- Active: 1807–1809 1811 1812–1815
- Disbanded: 1809 (first time) 1811 (second time) June, 1815 (third time)
- Country: United States
- Allegiance: United States Indiana Territory
- Branch: Indiana Territorial Militia
- Type: Infantry (1807–1809, 1811, 1812–1815) Dragoons (1812–1815)
- Role: Protect Indiana Territory from Indian attacks
- Size: 3 divisions (1807–1809): 1st Division 2nd Division 3rd Division 6 companies (1812–1815) (divisions and companies total troops were at their highest approximately 400 men);
- Part of: Territorial Governor William Henry Harrison
- Garrison/HQ: Cuzco, Indiana Territory Vincennes, Indiana Territory Fort Vallonia, Indiana Territory
- Equipment: Rifle musket scalping knife tomahawk sword
- Engagements: Battle of Tippecanoe (1811) War of 1812 Peoria War (1812); Second Tippecanoe Campaign (1812); Battle of Wild Cat Creek (1812); Battle of Tipton's Island (1813);

Commanders
- Current commander: Major John Tipton
- Ceremonial chief: Captain William Hargrove
- Colonel of the Regiment: Captain James Bigger

= Indiana Rangers =

The Indiana Rangers, also known as the Indiana Territorial Mounted Rangers, were a mounted militia formed in 1807 and operated in the early part of the 19th century to defend settlers in Indiana Territory from attacks by Native Americans.

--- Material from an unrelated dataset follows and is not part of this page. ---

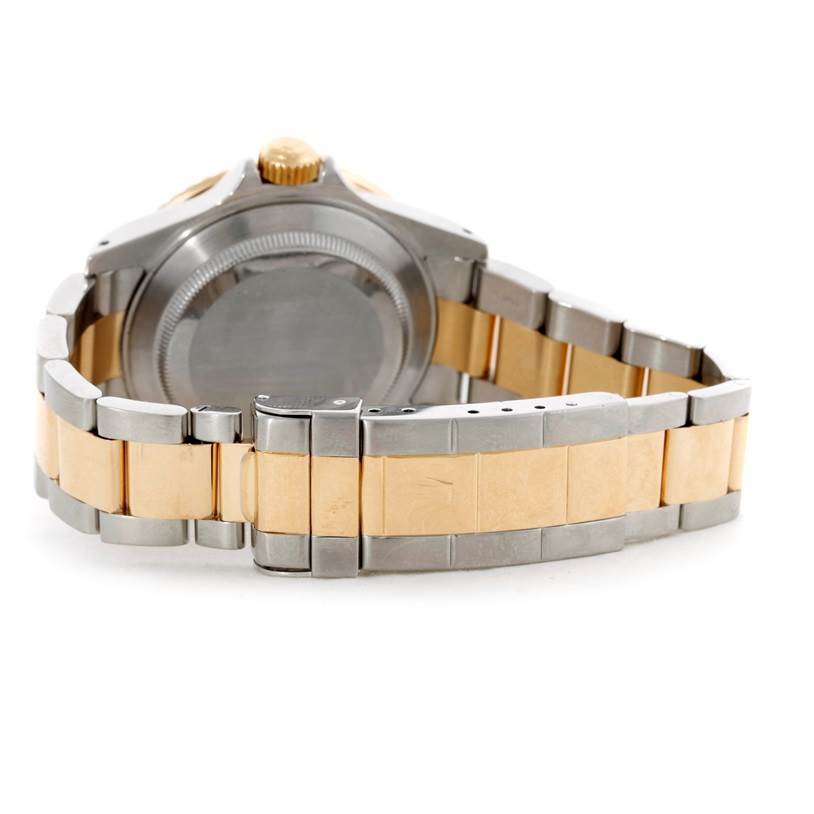 The image shows the back view and bracelet of a Rolex Submariner 16613 Men's Steel and Gold (two tone) Grey Dial 16613 Men's Steel and Gold (two tone) Grey Dial watch.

The rangers were present at the Battle of Tippecanoe, and served as auxiliaries to the army during the War of 1812. At the peak of their activities they numbered over 400 men.

==History==
===Origins===
====First formation of Rangers====
In 1807, the Larkins family was travelling along the Buffalo Trace when they were attacked by a band of Native Americans. The father was killed, and Mrs. Larkins and her five children were taken into captivity. The incident sparked outcries for better protection along the route, and Territorial Governor William Henry Harrison organized the Rangers to provide a fast response to attacks, primarily as a deterrent to random American Indian raids. The Rangers were modeled on the mounted troops used by General Anthony Wayne at the Battle of Fallen Timbers. The primary objective of the Rangers was to safeguard the Buffalo Trace, the main transportation route between Louisville, Kentucky and the Indiana Territory's capital of Vincennes, Indiana (and Illinois Territory), starting on April 20, 1807.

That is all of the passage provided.